## Task statement
Pictures are to be left out; every line from the one with "Josef säljs av sina bröder - Josef" through the end of the data must be transcribed exactly.

%%

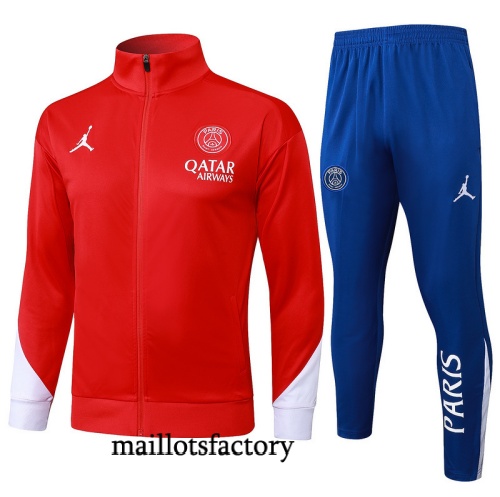Soldes Veste Survetement Enfant PSG 2025/26 Rouge/Blanc/Bleu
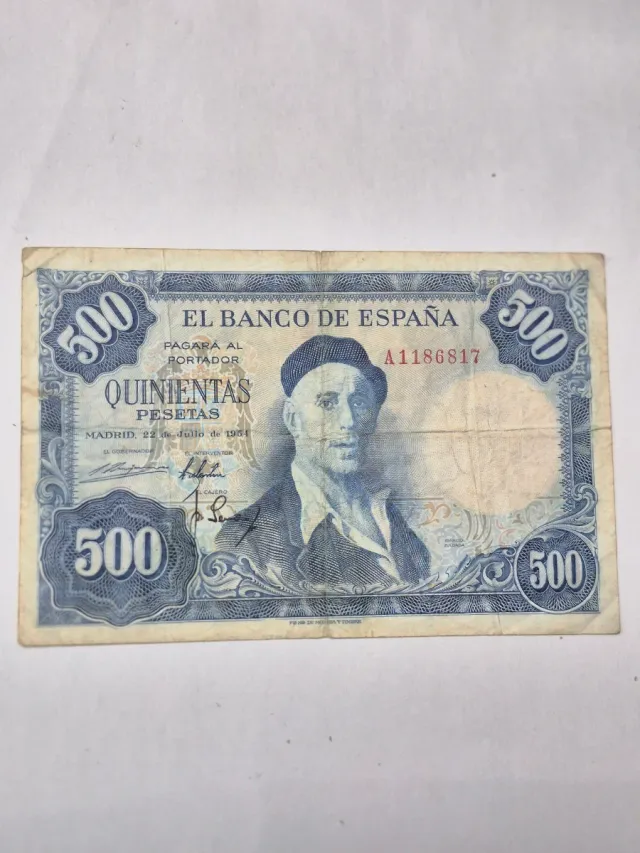 Billete 500 Pesetas 1954 BC seríe baja Pick #148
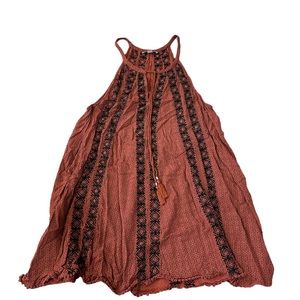Size medium American Eagle burnt orange shift dress with black embroidery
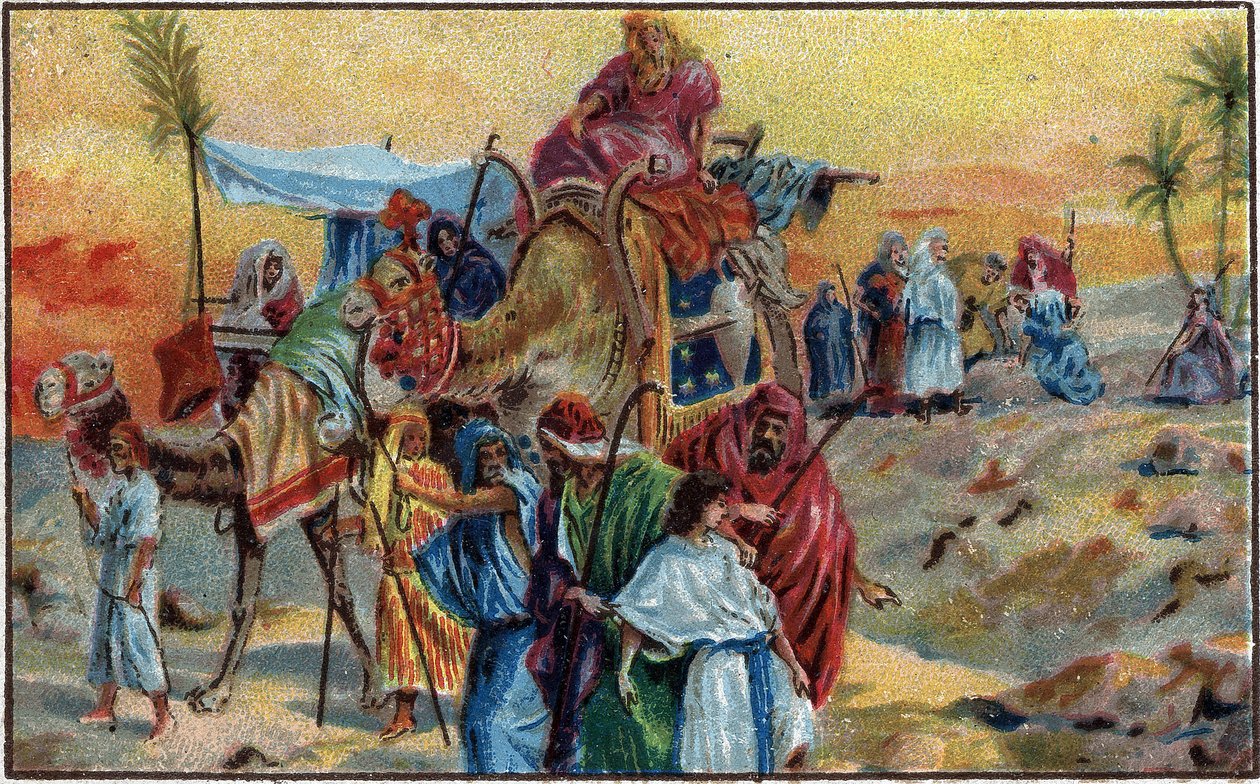 Josef säljs av sina bröder - Josef säljs av sina bröder (1 Mosebok 37.1-36) - Kromolitografi från slutet av 1800-talet. av Unknown artist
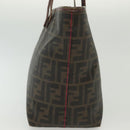 FENDI Zucca Canvas Tote Bag Black Brown Auth 135155-4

%%

## Response
 Josef säljs av sina bröder - Josef säljs av sina bröder (1 Mosebok 37.1-36) - Kromolitografi från slutet av 1800-talet. av Unknown artist
 FENDI Zucca Canvas Tote Bag Black Brown Auth 135155-4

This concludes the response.